By Ben Vestal Comments

What a great time for the self-storage industry! We’ve experienced a record number of transactions over the last several years, and each year we seem to improve with regard to capitalization rates, rental rateS and net operating income (NOI), per-square-foot sale prices, and actual value for every dollar of NOI. Many are calling it a generational high in facility value.

The contrarian in me can’t help but think now may be a good time to take some chips off the table. It’s clear that some of the “smart money” has taken steps to pull out profit and hedge their bets by selling and repositioning their self-storage assets. Below are a few approaches facility owners might consider as they assess their own exit strategies and investment objectives.

Outright Sale

An outright sale is the most clear-cut and absolute path for an owner to take when considering an exit strategy, as it provides the greatest liquidity and certainty. Today, self-storage owners are reaping the benefits of strong market fundamentals, a fluid lending market, and an immeasurable amount of equity from willing and able buyers looking to invest in the industry.

Determining if you’re a “real seller” is the single most important decision any owner can make. A real seller is someone who has a defined reason to sell and is willing to price his property at a reasonable level for the market.

Serious buyers want serious sellers. When a buyer discovers a seller isn’t realistic about selling because of price, timing or market conditions, he’ll seldom get interested in that property again.

Overpricing a property isn’t harmless. The result is the seller offends his best prospects—and they’ll remember!


Many owners don’t think of refinancing as an exit strategy, however, you may want to run some numbers and talk with your accountant.
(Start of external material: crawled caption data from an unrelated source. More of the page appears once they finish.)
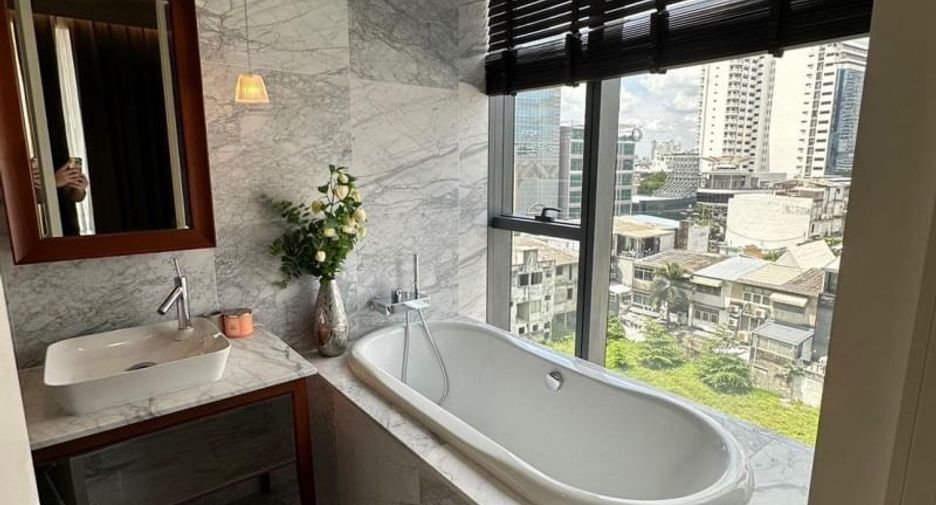For rent 2 ベッドルーム condo in Watthana, Bangkok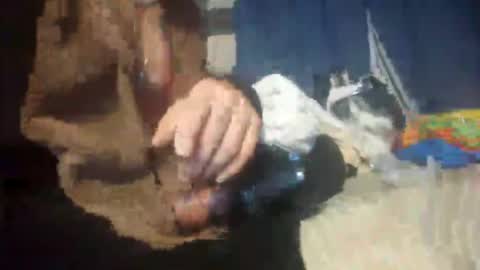 smallpackage1983 online show from July 17, 5:42 am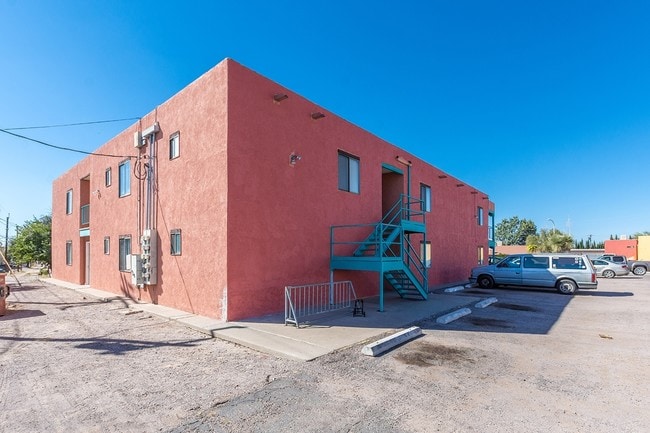 Photo - Desert Rose Apartments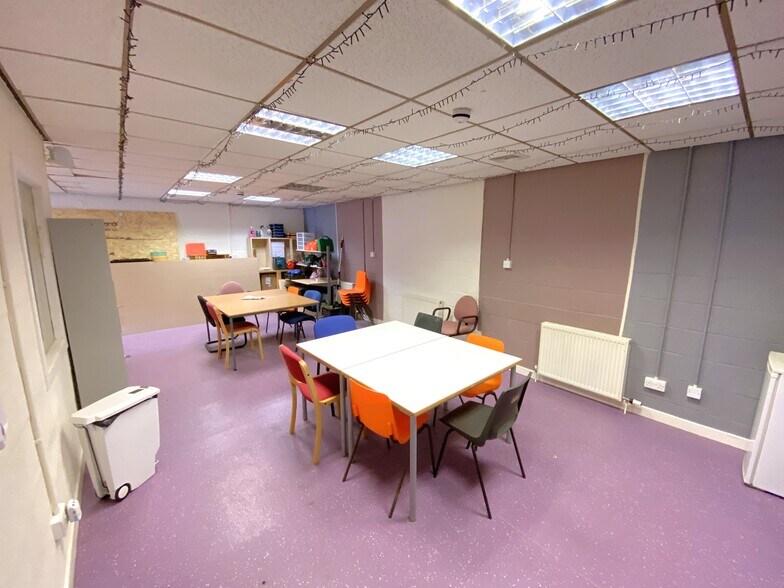 78 Brooms Rd, Dumfries en venta - Foto del edificio - Imagen 3 de 6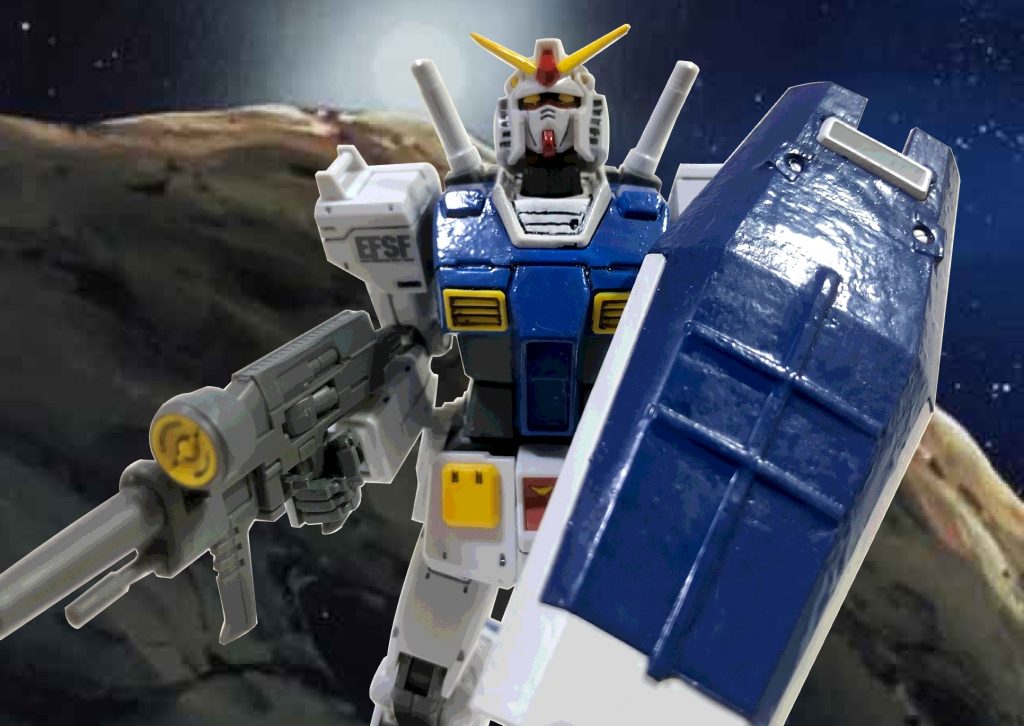 ラストはルナツーを背景に〆。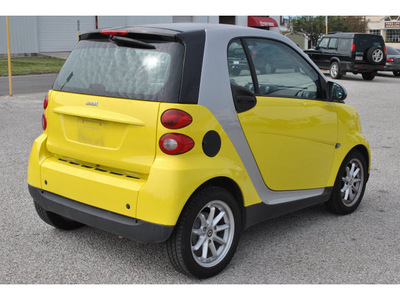 smart fortwo 2009 yellow coupe passion 3 cylinders automatic 78217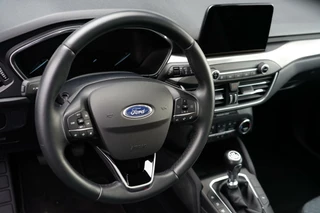 Ford Focus Ford Focus 1.0 EcoBoost Titanium Business, pano, stoelverw. - afbeelding nr 19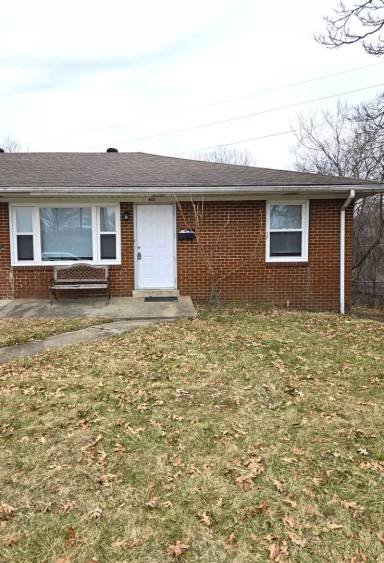 Main picture of 401 Springhill Dr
Due to the dramatic increase in self-storage property values (we’ve seen a 20 percent to 50 percent increase over the last three to seven years), many owners have the option of refinancing most or all of their equity out of an asset, all while continuing to own and operate the property in a profitable way.

So, let’s do some math. If you bought a property in 2010 for $2.5 million and have experienced a 35 percent increase in value, your property is now worth $3.37 million. If you refinance the property and achieve a 75 percent loan-to-value, your total new loan amount would be $2,531,000. This scenario would allow you to pull out all or most of your equity from the property and still own it. Refinancing proceeds are tax-deferred and allow you to invest in other avenues to maximize your overall return on investment.